** Opening RECORDS FOR THIS EXERCISE block **
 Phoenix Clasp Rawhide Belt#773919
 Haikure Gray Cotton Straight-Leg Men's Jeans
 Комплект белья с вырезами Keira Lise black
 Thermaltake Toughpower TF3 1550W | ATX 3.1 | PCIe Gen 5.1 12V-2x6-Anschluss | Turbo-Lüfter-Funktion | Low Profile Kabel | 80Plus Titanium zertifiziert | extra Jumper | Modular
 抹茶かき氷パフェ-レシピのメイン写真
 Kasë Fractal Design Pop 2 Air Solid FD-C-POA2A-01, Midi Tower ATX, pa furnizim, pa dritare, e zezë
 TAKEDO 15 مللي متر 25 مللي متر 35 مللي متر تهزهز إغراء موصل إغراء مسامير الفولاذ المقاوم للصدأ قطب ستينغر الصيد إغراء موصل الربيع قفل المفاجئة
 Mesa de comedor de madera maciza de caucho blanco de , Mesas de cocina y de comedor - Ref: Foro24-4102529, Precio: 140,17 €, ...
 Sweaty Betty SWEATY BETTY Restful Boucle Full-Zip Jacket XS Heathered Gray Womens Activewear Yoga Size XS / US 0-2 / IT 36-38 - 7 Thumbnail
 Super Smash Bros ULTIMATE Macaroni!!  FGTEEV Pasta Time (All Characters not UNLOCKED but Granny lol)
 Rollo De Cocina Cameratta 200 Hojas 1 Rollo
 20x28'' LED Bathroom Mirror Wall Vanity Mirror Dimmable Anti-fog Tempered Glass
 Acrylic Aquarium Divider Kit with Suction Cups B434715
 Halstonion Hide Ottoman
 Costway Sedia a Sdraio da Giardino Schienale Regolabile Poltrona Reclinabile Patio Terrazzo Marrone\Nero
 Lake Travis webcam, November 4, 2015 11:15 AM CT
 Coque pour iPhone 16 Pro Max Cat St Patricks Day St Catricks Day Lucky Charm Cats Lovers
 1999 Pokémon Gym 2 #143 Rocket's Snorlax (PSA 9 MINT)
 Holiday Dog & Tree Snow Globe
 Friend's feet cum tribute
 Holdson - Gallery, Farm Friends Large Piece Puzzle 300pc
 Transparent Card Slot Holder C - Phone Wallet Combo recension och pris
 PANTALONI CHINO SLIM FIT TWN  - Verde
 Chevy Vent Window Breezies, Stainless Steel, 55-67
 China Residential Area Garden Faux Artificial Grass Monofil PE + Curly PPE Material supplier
** Closing RECORDS FOR THIS EXERCISE block **
* TASK TO CARRY OUT *
Out of the listing above, reproduce exactly the lines from the one with "Haikure Gray Cotton Straight-Leg Men's Jeans" up to and including the one with "Chevy Vent Window".

* RESULT FOR THIS TASK *
 Haikure Gray Cotton Straight-Leg Men's Jeans
 Комплект белья с вырезами Keira Lise black
 Thermaltake Toughpower TF3 1550W | ATX 3.1 | PCIe Gen 5.1 12V-2x6-Anschluss | Turbo-Lüfter-Funktion | Low Profile Kabel | 80Plus Titanium zertifiziert | extra Jumper | Modular
 抹茶かき氷パフェ-レシピのメイン写真
 Kasë Fractal Design Pop 2 Air Solid FD-C-POA2A-01, Midi Tower ATX, pa furnizim, pa dritare, e zezë
 TAKEDO 15 مللي متر 25 مللي متر 35 مللي متر تهزهز إغراء موصل إغراء مسامير الفولاذ المقاوم للصدأ قطب ستينغر الصيد إغراء موصل الربيع قفل المفاجئة
 Mesa de comedor de madera maciza de caucho blanco de , Mesas de cocina y de comedor - Ref: Foro24-4102529, Precio: 140,17 €, ...
 Sweaty Betty SWEATY BETTY Restful Boucle Full-Zip Jacket XS Heathered Gray Womens Activewear Yoga Size XS / US 0-2 / IT 36-38 - 7 Thumbnail
 Super Smash Bros ULTIMATE Macaroni!!  FGTEEV Pasta Time (All Characters not UNLOCKED but Granny lol)
 Rollo De Cocina Cameratta 200 Hojas 1 Rollo
 20x28'' LED Bathroom Mirror Wall Vanity Mirror Dimmable Anti-fog Tempered Glass
 Acrylic Aquarium Divider Kit with Suction Cups B434715
 Halstonion Hide Ottoman
 Costway Sedia a Sdraio da Giardino Schienale Regolabile Poltrona Reclinabile Patio Terrazzo Marrone\Nero
 Lake Travis webcam, November 4, 2015 11:15 AM CT
 Coque pour iPhone 16 Pro Max Cat St Patricks Day St Catricks Day Lucky Charm Cats Lovers
 1999 Pokémon Gym 2 #143 Rocket's Snorlax (PSA 9 MINT)
 Holiday Dog & Tree Snow Globe
 Friend's feet cum tribute
 Holdson - Gallery, Farm Friends Large Piece Puzzle 300pc
 Transparent Card Slot Holder C - Phone Wallet Combo recension och pris
 PANTALONI CHINO SLIM FIT TWN  - Verde
 Chevy Vent Window Breezies, Stainless Steel, 55-67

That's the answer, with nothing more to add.